Data entries:
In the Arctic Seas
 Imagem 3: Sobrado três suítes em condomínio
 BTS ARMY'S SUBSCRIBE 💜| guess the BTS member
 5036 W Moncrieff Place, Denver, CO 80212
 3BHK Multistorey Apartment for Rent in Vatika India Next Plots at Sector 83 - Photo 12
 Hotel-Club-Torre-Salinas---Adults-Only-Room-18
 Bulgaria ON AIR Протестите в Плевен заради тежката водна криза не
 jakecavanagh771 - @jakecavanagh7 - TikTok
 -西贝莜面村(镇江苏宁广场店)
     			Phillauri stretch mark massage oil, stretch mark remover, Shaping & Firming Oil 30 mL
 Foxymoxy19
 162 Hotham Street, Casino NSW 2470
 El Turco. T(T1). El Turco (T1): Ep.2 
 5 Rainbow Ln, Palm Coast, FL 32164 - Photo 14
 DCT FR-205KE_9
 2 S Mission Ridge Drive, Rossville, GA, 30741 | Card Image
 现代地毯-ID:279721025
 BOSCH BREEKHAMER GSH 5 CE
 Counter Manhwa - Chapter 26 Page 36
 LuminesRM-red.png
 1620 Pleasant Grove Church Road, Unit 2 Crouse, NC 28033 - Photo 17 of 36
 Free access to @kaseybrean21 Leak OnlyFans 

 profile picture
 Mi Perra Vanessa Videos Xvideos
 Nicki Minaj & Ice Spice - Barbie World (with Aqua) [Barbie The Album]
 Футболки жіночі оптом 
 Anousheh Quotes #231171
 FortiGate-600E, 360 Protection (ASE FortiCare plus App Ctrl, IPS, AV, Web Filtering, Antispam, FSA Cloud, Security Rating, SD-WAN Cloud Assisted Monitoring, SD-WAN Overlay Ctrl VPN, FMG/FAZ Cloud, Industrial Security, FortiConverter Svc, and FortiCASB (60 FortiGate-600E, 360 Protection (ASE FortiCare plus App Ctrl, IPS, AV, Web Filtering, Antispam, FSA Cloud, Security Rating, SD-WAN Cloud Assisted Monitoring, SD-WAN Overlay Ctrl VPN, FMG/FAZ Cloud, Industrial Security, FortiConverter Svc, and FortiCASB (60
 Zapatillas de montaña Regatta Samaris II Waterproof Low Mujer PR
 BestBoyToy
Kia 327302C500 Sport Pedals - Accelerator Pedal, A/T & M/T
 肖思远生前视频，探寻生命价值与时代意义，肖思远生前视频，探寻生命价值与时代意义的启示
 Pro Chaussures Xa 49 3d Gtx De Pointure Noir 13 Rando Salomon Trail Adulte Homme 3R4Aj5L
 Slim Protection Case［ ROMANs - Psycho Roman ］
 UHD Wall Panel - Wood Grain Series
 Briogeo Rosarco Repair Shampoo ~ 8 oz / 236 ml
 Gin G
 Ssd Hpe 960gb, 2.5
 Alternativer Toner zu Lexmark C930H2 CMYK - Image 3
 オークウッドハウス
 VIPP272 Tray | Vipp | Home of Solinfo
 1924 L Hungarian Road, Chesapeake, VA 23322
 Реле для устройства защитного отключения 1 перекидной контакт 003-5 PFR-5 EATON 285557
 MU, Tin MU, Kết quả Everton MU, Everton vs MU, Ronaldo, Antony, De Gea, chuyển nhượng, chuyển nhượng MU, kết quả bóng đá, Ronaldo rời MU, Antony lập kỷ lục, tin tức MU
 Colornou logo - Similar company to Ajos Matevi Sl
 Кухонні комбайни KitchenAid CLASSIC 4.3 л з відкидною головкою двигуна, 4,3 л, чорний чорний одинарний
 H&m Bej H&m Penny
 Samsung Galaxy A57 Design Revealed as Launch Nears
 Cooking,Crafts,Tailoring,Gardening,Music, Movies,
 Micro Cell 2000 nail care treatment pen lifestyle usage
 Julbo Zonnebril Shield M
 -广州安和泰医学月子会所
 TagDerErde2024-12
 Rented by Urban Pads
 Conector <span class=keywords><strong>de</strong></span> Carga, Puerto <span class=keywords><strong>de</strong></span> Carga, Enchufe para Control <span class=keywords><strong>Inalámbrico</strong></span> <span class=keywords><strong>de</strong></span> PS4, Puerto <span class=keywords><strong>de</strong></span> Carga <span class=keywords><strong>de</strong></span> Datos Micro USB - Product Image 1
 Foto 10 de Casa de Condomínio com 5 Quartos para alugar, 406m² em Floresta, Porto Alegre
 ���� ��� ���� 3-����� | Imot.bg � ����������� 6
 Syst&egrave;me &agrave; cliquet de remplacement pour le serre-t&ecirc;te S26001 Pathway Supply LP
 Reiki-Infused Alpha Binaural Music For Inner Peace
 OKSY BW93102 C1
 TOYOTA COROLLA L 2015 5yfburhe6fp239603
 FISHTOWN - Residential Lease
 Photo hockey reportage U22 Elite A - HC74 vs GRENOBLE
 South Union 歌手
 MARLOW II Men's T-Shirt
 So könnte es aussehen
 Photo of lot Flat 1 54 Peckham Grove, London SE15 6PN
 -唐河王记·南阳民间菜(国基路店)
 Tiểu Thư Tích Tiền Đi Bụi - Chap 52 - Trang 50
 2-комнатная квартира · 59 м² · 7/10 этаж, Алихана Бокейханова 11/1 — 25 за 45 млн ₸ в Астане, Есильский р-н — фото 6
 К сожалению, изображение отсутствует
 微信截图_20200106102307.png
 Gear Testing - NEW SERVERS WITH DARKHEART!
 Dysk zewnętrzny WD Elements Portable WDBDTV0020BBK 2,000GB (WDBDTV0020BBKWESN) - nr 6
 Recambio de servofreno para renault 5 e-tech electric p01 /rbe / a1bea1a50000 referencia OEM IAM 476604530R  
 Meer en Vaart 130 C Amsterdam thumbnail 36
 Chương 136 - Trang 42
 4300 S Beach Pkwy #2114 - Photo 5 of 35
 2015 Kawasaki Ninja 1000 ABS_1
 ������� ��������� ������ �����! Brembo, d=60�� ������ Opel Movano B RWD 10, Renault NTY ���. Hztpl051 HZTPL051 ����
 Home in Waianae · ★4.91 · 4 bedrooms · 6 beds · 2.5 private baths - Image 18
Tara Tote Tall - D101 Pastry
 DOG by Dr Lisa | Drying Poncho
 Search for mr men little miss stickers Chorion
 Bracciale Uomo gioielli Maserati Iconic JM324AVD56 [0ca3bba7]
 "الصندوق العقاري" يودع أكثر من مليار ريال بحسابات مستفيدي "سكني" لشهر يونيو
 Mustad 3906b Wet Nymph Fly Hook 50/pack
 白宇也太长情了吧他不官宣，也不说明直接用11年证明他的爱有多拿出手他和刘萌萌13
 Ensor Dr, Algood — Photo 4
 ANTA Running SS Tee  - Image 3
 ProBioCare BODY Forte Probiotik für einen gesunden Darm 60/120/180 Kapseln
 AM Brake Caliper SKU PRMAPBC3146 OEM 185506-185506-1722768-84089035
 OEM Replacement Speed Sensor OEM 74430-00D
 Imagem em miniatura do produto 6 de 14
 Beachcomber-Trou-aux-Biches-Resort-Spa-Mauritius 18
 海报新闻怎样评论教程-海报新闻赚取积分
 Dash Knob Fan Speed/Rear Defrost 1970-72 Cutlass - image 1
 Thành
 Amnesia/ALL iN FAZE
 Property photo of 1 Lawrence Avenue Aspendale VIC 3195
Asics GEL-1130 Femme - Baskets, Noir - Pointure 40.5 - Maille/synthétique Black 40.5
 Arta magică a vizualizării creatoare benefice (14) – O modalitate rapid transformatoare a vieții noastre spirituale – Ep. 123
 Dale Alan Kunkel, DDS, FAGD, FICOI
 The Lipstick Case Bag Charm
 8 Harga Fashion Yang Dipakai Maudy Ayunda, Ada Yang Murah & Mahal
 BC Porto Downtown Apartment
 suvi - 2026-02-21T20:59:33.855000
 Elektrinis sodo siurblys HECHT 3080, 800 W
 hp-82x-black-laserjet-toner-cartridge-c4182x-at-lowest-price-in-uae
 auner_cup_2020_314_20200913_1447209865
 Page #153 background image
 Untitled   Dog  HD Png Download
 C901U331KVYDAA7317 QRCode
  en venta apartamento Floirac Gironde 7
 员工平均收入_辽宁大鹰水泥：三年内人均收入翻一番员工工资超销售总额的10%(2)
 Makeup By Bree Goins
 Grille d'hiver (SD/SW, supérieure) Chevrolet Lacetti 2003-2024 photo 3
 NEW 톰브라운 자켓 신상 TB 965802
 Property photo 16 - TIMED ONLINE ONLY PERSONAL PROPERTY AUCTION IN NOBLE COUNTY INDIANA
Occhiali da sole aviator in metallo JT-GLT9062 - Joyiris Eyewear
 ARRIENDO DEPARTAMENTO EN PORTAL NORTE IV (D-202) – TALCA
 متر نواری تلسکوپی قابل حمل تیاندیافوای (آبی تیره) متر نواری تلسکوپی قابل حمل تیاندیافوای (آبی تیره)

> [About this task]: Transcribe exactly, and only, the lines that extend from the one containing "Arta magică a" to the end of the records above, inclusive of both.

> [Response area]:
 Arta magică a vizualizării creatoare benefice (14) – O modalitate rapid transformatoare a vieții noastre spirituale – Ep. 123
 Dale Alan Kunkel, DDS, FAGD, FICOI
 The Lipstick Case Bag Charm
 8 Harga Fashion Yang Dipakai Maudy Ayunda, Ada Yang Murah & Mahal
 BC Porto Downtown Apartment
 suvi - 2026-02-21T20:59:33.855000
 Elektrinis sodo siurblys HECHT 3080, 800 W
 hp-82x-black-laserjet-toner-cartridge-c4182x-at-lowest-price-in-uae
 auner_cup_2020_314_20200913_1447209865
 Page #153 background image
 Untitled   Dog  HD Png Download
 C901U331KVYDAA7317 QRCode
  en venta apartamento Floirac Gironde 7
 员工平均收入_辽宁大鹰水泥：三年内人均收入翻一番员工工资超销售总额的10%(2)
 Makeup By Bree Goins
 Grille d'hiver (SD/SW, supérieure) Chevrolet Lacetti 2003-2024 photo 3
 NEW 톰브라운 자켓 신상 TB 965802
 Property photo 16 - TIMED ONLINE ONLY PERSONAL PROPERTY AUCTION IN NOBLE COUNTY INDIANA
Occhiali da sole aviator in metallo JT-GLT9062 - Joyiris Eyewear
 ARRIENDO DEPARTAMENTO EN PORTAL NORTE IV (D-202) – TALCA
 متر نواری تلسکوپی قابل حمل تیاندیافوای (آبی تیره) متر نواری تلسکوپی قابل حمل تیاندیافوای (آبی تیره)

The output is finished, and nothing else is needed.